From Wikipedia (http://en.wikipedia.org/wiki/File:AlCaponemugshotCPD.jpg)

Of course, the movie gangsters (or rather, their writers, mostly) stole from the real gangsters. In his article on Huffington Post, Jeffrey Gusfield notes that the actor Edward G. Robinson sat at the back of the courtroom during part of Al Capone’s tax evasion trial and took notes.

Some of the phrases they used are still heard today, but most have gone by the wayside. Or, if they are used, it’s purposefully, to seem old. Phrases like “it’s the bee’s knees” or “the cat’s pajamas”  originated in the 1920s (though I’m pretty sure a gangster wouldn’t be caught dead saying such silly things!) When’s the last time you heard someone called a “Mrs. Grundy”? Probably never, except maybe in an Archie comic book. (Mrs. Grundy = a priggish, prudish, person.) Of course, don’t call a gangster that–he’s liable to take you for a ride if you do.

It’s pretty tempting to write my gangsters this way, and to use lots of the 1920s and 1930s slang, but a few choice phrases can go a long way. However, I know I’m going to have to work in a “You ain’t sore, are ya?” into the dialogue somewhere. It’s just too classic not to use!

Check out some more 1920s slang here, and below is a clip from the film ‘The Roaring Twenties’, starring James Cagney and Humphrey Bogart.

Article: Language is Music (from the New Yorker)

I just read a fascinating article posted in the New Yorker, by Mary Hawthorne, entitled LANGUAGE IS MUSIC. Most of the piece is a response (from various translators) regarding an editorial by Lawrence Summers in the NYT, which opined that, ‘English’s emergence as the global language, along with the rapid progress in machine translation and the fragmentation of languages spoken around the world, make it less clear that the substantial investment necessary to speak a foreign tongue is universally worthwhile.

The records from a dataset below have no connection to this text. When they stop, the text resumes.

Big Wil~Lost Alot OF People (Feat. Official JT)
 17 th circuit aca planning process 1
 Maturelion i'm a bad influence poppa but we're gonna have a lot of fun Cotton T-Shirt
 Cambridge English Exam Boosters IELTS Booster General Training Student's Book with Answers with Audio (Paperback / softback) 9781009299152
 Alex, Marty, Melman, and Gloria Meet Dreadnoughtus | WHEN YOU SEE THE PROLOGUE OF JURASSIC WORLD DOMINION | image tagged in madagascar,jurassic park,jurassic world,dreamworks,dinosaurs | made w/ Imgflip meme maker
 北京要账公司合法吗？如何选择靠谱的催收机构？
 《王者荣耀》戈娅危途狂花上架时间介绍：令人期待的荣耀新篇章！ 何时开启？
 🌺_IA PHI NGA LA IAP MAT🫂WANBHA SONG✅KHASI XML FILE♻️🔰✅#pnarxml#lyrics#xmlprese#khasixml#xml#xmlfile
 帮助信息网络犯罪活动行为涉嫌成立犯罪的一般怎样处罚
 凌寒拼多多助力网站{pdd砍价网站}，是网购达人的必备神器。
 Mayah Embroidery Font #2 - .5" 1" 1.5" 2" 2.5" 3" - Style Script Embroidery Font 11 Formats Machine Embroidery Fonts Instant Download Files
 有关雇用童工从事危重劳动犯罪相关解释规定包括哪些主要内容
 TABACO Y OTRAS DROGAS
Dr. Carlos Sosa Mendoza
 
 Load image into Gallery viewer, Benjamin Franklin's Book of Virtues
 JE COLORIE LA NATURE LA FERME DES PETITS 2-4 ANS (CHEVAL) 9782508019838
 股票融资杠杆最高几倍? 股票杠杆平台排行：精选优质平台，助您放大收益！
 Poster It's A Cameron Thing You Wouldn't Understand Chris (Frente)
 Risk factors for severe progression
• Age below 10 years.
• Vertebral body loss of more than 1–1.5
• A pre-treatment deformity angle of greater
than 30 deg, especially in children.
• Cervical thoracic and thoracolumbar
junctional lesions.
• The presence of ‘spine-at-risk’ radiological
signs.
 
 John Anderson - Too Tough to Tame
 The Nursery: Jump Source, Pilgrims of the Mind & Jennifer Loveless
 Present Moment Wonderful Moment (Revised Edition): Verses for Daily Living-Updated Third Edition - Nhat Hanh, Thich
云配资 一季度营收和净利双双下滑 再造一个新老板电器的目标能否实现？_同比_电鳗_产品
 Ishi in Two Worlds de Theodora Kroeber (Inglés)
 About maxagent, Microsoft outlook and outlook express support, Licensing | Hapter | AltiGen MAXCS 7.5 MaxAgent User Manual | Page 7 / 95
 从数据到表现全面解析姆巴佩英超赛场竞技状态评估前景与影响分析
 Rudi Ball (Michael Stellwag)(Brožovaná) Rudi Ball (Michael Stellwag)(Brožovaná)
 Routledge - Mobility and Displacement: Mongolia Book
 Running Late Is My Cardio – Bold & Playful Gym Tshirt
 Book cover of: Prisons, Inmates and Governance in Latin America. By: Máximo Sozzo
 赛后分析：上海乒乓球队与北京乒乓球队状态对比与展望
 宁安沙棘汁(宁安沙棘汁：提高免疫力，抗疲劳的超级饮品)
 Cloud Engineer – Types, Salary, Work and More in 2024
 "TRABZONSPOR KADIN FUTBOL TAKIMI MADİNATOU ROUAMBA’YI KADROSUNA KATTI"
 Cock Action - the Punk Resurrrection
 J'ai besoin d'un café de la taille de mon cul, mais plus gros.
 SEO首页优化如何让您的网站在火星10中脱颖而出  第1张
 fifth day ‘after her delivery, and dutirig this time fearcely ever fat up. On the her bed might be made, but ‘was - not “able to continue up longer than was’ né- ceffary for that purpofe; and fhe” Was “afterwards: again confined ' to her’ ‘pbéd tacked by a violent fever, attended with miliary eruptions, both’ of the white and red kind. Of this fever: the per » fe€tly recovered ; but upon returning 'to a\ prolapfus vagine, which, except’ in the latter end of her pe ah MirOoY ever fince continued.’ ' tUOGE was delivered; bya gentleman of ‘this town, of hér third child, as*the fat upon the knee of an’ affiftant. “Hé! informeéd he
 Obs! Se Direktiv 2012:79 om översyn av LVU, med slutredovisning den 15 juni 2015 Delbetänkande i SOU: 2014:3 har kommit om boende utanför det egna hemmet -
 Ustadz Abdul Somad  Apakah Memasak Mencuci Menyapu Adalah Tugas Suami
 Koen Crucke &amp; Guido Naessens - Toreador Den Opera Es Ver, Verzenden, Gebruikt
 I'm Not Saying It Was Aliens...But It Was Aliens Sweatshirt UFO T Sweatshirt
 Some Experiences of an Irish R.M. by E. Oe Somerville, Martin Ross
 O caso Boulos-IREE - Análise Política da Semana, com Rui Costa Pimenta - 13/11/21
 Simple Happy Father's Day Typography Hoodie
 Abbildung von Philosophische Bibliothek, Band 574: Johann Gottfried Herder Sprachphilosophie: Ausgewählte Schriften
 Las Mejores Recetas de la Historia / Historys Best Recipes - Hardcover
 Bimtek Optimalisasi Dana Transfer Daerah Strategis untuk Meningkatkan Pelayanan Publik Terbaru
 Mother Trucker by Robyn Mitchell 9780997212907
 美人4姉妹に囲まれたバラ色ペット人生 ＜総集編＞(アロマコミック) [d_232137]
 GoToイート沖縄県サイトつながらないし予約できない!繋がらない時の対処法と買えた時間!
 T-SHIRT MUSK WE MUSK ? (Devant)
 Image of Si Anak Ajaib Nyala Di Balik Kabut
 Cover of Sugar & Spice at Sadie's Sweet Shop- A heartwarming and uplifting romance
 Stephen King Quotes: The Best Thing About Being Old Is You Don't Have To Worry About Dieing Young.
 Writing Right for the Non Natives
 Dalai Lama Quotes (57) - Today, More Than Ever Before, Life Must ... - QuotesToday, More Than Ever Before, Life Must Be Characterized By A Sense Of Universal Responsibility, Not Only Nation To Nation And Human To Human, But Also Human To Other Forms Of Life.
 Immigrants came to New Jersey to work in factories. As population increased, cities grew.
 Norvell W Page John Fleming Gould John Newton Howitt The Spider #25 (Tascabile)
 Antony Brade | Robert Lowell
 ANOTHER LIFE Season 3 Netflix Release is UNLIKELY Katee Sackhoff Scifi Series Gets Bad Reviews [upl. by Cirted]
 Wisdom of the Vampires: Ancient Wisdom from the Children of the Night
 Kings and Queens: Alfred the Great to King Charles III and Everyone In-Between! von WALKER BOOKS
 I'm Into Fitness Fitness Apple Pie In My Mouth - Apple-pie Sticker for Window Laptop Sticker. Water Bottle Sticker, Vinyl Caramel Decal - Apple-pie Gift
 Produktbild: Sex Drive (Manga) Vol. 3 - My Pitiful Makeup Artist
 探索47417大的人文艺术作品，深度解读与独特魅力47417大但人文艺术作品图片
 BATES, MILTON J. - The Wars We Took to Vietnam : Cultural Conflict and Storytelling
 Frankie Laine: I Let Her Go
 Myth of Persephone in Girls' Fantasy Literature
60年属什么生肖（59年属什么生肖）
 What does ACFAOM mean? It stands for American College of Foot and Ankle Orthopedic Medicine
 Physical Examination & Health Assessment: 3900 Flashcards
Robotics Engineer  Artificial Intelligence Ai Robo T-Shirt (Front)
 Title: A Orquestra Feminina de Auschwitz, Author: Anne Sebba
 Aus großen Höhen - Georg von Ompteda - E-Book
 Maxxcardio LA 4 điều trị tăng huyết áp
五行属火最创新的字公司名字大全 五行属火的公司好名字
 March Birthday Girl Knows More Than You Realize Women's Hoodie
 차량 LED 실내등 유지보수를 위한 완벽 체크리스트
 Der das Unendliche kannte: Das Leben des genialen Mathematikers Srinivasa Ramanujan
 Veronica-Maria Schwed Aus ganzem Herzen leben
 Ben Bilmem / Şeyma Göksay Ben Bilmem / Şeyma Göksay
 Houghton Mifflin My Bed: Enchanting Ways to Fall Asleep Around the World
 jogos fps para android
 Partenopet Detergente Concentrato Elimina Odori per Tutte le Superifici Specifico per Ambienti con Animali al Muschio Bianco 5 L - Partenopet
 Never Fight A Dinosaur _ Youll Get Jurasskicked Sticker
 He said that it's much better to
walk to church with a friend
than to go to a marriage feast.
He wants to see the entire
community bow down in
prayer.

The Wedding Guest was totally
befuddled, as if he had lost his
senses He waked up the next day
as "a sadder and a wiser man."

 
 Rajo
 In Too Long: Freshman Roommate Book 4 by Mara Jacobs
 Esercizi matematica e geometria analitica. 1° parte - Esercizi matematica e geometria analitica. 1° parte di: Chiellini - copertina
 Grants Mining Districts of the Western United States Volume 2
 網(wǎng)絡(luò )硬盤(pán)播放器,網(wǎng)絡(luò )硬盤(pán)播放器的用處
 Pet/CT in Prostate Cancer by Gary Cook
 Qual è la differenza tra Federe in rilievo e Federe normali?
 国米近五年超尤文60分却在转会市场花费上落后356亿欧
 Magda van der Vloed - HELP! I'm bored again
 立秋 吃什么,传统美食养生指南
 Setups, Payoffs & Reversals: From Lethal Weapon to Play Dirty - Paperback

Naturally, there was much disagreement over his points in numbered paragraph 5. Quite honestly, I do think that learning a second (or third) language is something that ought to be done. It needs to be taught properly at the lower grades, when learning of languages has been shown to be easier. There ought to be more opportunities for immersion, as well. Learning another language is learning a different way to think, a different way to view the world. And, as David Bellos states, ‘mastery of a foreign language is a prerequisite for understanding how to use your own.’

Am I biased? Yes, probably. I would have loved to have decent instruction in French when I was younger, but the teachers I had most years barely knew any more than their students, having (I’m guessing) drawn the short straw or had the free period needing filled. (And, alas, my parents chose not to put me in French immersion schooling, though I think I would have done well.) So now I plod along, working haphazardly to learn a bit more French. To be honest, properly learning a foreign language is a lot of work. With everything else that I do, I just don’t have time to devote hours every day to study.

Still, I’ll keep at it, though progress is slow. In the meantime, I’ll continue reading French works in translation, and maybe someday I’ll know enough French to read Simone de Beauvoir’s ‘L’Invitée’. I have a copy, and it’s waiting for that moment.